In fact, he added, a surprising driver of increased pharmacy costs is inappropriate use or even wasting of drugs. “This is the one that drives me crazy,” he said, citing national estimates that over-use of medications costs $70 billion a year and under-use costs $100 billion.

“We are not going to fix this in a day,” he concluded. “But this is what we need to fix.”

He said that UPMC increasingly is consulting physicians and pharmacists on what might improve this situation, and that among its college and university members Pitt’s pharmacy costs are lower than average: Pitt’s UPMC Health Plan members spend 13.5 cents of every health care dollar on 8.4 prescriptions per year, both numbers lower than the average institution of higher education that UPMC handles.

Manolis credits Pitt’s lower numbers to “the health of the population, access to specialists and access to care,” as well as increased use of wellness programs.

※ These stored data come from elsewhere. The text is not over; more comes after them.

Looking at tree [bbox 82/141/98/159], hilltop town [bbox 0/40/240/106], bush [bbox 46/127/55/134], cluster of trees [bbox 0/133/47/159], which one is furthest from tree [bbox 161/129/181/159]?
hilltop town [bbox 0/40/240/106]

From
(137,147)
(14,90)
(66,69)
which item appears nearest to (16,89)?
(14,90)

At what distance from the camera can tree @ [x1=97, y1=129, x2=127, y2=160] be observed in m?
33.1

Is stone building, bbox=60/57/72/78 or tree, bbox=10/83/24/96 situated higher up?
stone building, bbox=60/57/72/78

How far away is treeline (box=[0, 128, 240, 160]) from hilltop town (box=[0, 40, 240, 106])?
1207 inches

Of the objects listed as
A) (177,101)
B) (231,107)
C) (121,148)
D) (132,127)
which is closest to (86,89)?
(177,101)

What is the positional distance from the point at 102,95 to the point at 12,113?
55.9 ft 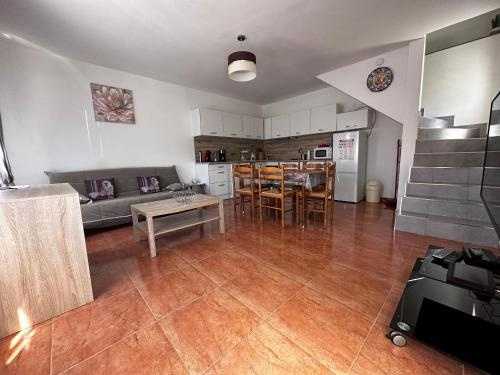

Kozar noted that even a $5 increase in employee co-pays for prescriptions would not help Pitt tackle increased pharmacy costs that much because it would not amount to a large-enough offset of Pitt’s health care expenditures.

Instead, Pitt’s new emphasis on wellness programs could be the solution: “You keep someone who is pre-diabetic from becoming insulin-dependent, you’ve got a win,” he said. Giving employees incentives to be healthier “is the only way we’re going to curb costs anymore.”